A bit more than 20 years ago, the United States had a recession that was associated with the end of the .com craze, where it seemed that in order to get mad stacks of money from gullible investors and venture capitalists that all it was necessary to do was have a business model that was short on profits or even income but long on attempts to disrupt businesses through the use of the internet in one’s operations. It is easy to mock such an age, but at least it must be recognized that some businesses were greatly disrupted by companies who stole their customers, revenues, and profits through internet-based marketing and distribution efforts. The problem was that in the midst of the hype it was hard for ordinary people lacking in the knowledge of how to separate hype from sound analysis and reading of balance sheets and prospectus literature to tell the difference between the few companies that were lasting winners and the many that were headed for bankruptcy.

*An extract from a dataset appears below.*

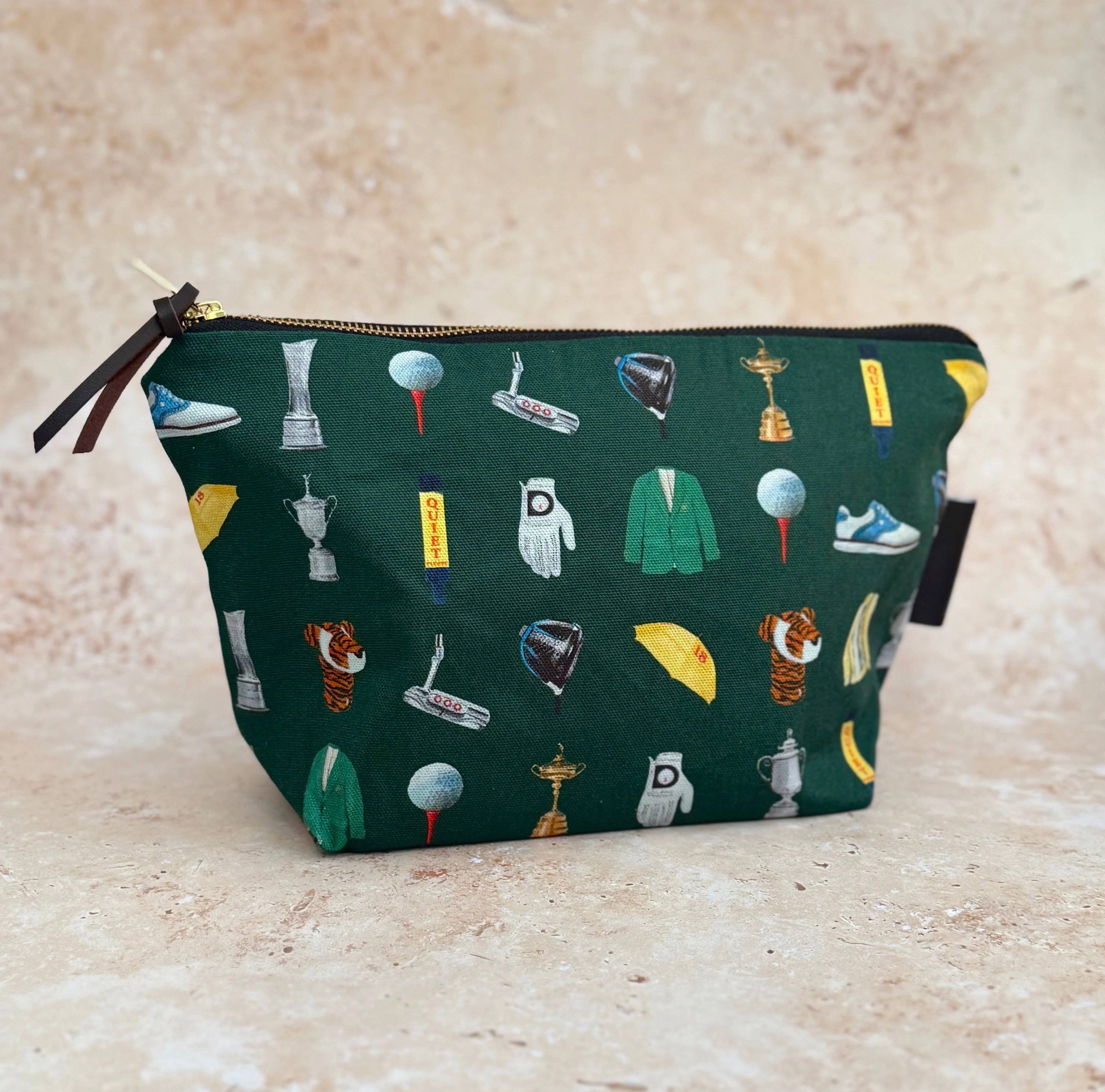 Makeup & Washbags - Image 11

Separating the wheat from the chaff, or the wheat from the tares, has always been an important task for people. Whenever something becomes profitable, there are going to be a host of imitators who seek to take advantage of any popular trend and ride its coattails for their own gain, seeking to promote themselves as being a comparable to what is experiencing success. This is true whether the trends are political, as in the rush of attempts at republics that began in the late 1700’s after the American Revolution or the rash of failed attempts at socialist states in the aftermath of colonialism, or whether they are musical, literary, or anything else. Forms can be copied, but the often specific factors that lead to success for some and not for others are harder to understand, and still harder to recognize. It usually takes time for the precious successes to be separated out from the more numerable failures, and when that time has been taken, one can see the factors that are essential for success for a particular model of thinking or behavior, and by then, the hype train has long since departed for other territories that are short on proven results and long on millennial expectations.
Where in the past there were examples of fairly lasting successes, the contemporary era has been much more filled with scams than it has been with actual business models that are worth following and that are made to last. The word sustainable gets tossed around far too frequently, but to the extent that anything is worthwhile about the term, it is in the fact that what is valuable and worthwhile is not made merely for today or merely for a short while, but is made to last. Far too little in this world is made to last, and much of that is deliberate. Yet those things that are not made to last are often not worth engaging with at all, since they will only break down and betray any trust that is placed in them. Even more than objects which at least will have some sort of value, a great deal of interest in contemporary crazes are for things like nfts and crypto that have not shown themselves to have any sort of value, and which are so dodgy and so absent of genuine wins that those who advocate them sometimes feel it necessary to manufacture hype through hacking in order to advertise their worthless products, a sign of bad faith if there ever was one.